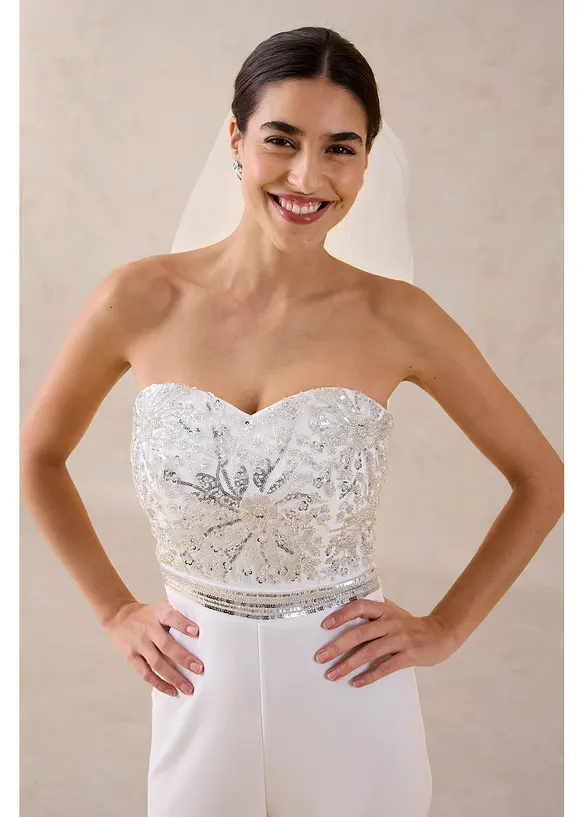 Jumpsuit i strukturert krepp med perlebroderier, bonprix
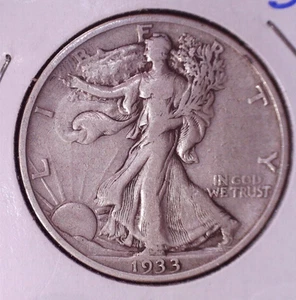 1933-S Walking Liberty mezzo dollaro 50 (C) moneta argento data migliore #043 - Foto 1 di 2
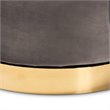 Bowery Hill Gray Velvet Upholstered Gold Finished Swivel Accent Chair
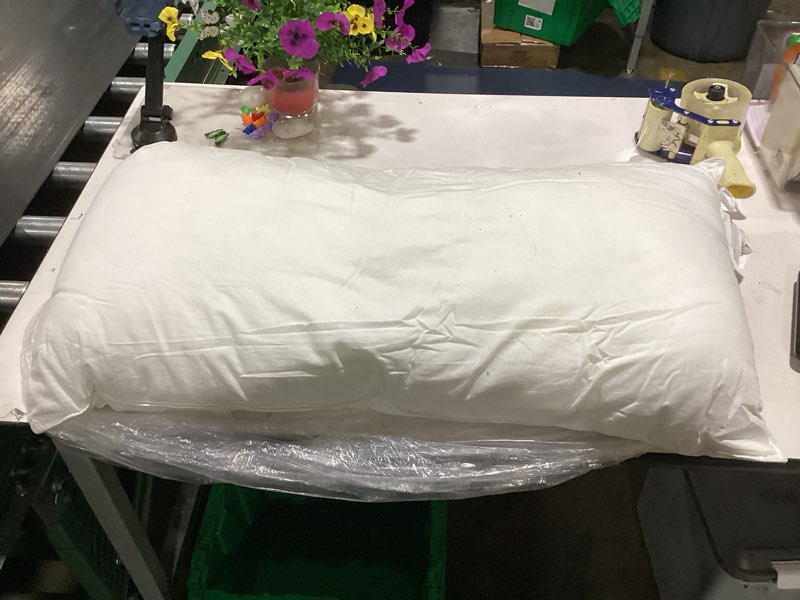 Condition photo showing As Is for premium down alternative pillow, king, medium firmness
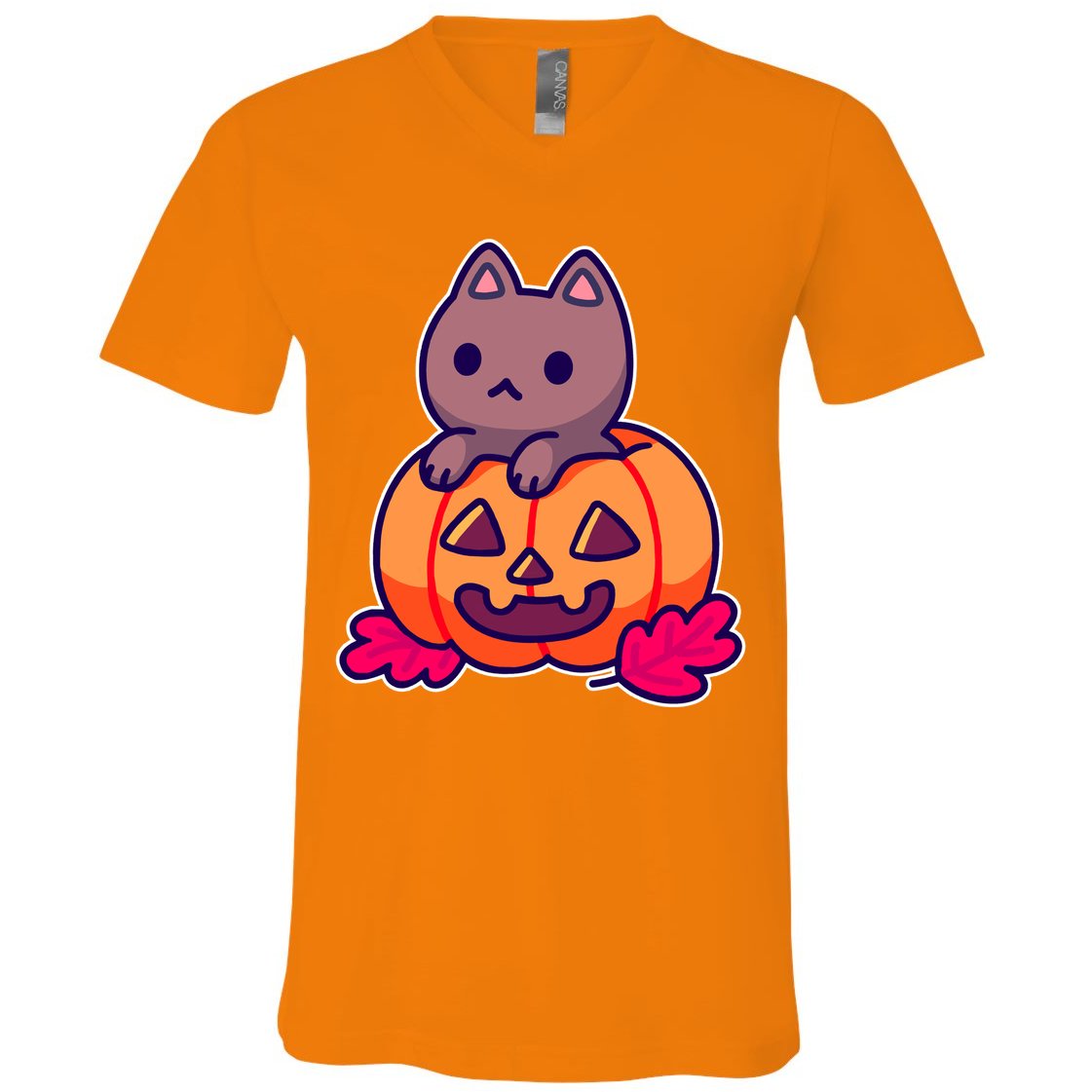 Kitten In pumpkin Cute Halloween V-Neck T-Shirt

_Your task_: Output the records above exactly, omitting the pictures.

_Task output_:
 Jumpsuit i strukturert krepp med perlebroderier, bonprix
 1933-S Walking Liberty mezzo dollaro 50 (C) moneta argento data migliore #043 - Foto 1 di 2
 Bowery Hill Gray Velvet Upholstered Gold Finished Swivel Accent Chair
 Condition photo showing As Is for premium down alternative pillow, king, medium firmness
 Kitten In pumpkin Cute Halloween V-Neck T-Shirt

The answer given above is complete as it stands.